Abirpothi

Ratan Parimoo retrospective opens at Bikaner House, New Delhi

Ratan Parimoo Scarlet Pearls, 1959 Oil and pebbles on board 23 x 40 inches

Gallerie Splash will present Grammar of Seeing, a major retrospective of Ratan Parimoo’s abstract phase, curated by Satyajit Dave, at Bikaner House’s Centre for Contemporary Art in New Delhi from June 12 to June 16, 2026. The show brings together paintings, prints, drawings, collages, works on paper, and archival material to trace Parimoo’s artistic evolution and reassess his place in Indian modernism.

Titled Grammar of Seeing: A Retrospective of Becoming, the exhibition is positioned as a curatorial reconsideration of Parimoo not only as an artist, but also as an art historian, teacher, and thinker whose practice linked observation, pedagogy, and material experimentation. The exhibition is a “corrective act of looking” that foregrounds his role in the material history of Indian abstraction.

Ratan Parimoo | Boats On Riverside – 2, 1953 | Water Color on paper | 10.63 x 22 Inches | Image Credit: Gallerie Splash

The exhibition is structured in three sections : The Observed WorldBetween Memory and Method, and Abstraction Becomes Language  and follows Parimoo’s trajectory from early figurative studies and Kashmir-related works of the 1950s to his later abstract practice. According to the curator’s note, the display emphasizes how abstraction emerged from discipline, memory, training, and sustained visual inquiry rather than as a rupture with representation.

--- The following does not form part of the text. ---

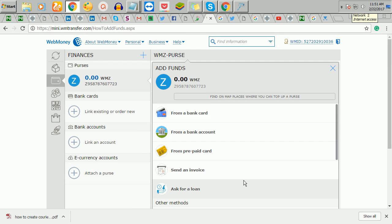Thank you for watching this video on how to open a WebMoney account. Thank you.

Works from the 1950s and 1960s reveal Parimoo’s movement from academic drawing and landscape studies toward a more independent visual language built through line, gesture, color, surface, and repetition. The exhibition also highlights his early experiments with sand, pigment, glue, pebbles, and other textured materials, connecting these choices to his broader interest in surface and form.

Archive as artwork

A notable feature of the show is its use of archives as an integral part of the curatorial structure. Alongside artworks, visitors will encounter photographs, letters, personal correspondences, exhibition invitations, catalogues, lecture notices, student records, and writings by the artist.

According to the press release, this material is not presented as background documentation, but as part of Parimoo’s creative and intellectual world. By placing image, text, memory, and process in dialogue, the exhibition aims to show how his art developed through teaching, research, and reflection as much as through painting itself.

About Ratan Parimoo

Born in 1936 in Srinagar, Ratan Parimoo is described in the release as one of India’s leading art historians and an accomplished painter and teacher. He co-founded the Baroda Group of Artists in 1956 with figures including G.R. Santosh, K.G. Subramanyan, Shanti Dave, N.S. Bendre, and Jyoti Bhatt, and later headed the Department of Art History and Aesthetics at M.S. University, Baroda from 1966 to 1991.

The exhibition also underscores his long teaching career and his role in shaping modern art discourse in India. Curator Satyajit Dave frames Parimoo as an intellectually rigorous but under-recognized figure whose work expands the history of Indian abstraction through memory, method, and material intelligence.

Ratan Parimoo | Biomorphic Forms 10, 1969 | Oil on canvas | 45 x 24 inches | Image Credit: Gallerie Splash

Curatorial framing

Dave’s curatorial note stresses Parimoo’s development across several registers: early Kashmir landscapes, academic studies, Baroda-era pedagogy, and mature abstraction. The exhibition treats Kashmir as “perceptual memory” rather than nostalgia, and reads Baroda as the decisive site of formation where method and making became central to his artistic language.

The curatorial approach also situates Parimoo within wider networks of Indian and global modernism, linking him to figures and institutions such as N. S. Bendre, Jyoti Bhatt, Gulammohammed Sheikh, Mulk Raj Anand, the Courtauld Institute, MIT, Berkeley, and the Museum Society of Bombay.

The exhibition is being presented as part of Gallerie Splash’s research-driven programming, with the gallery positioning itself at the intersection of art, design, architecture, and material practices.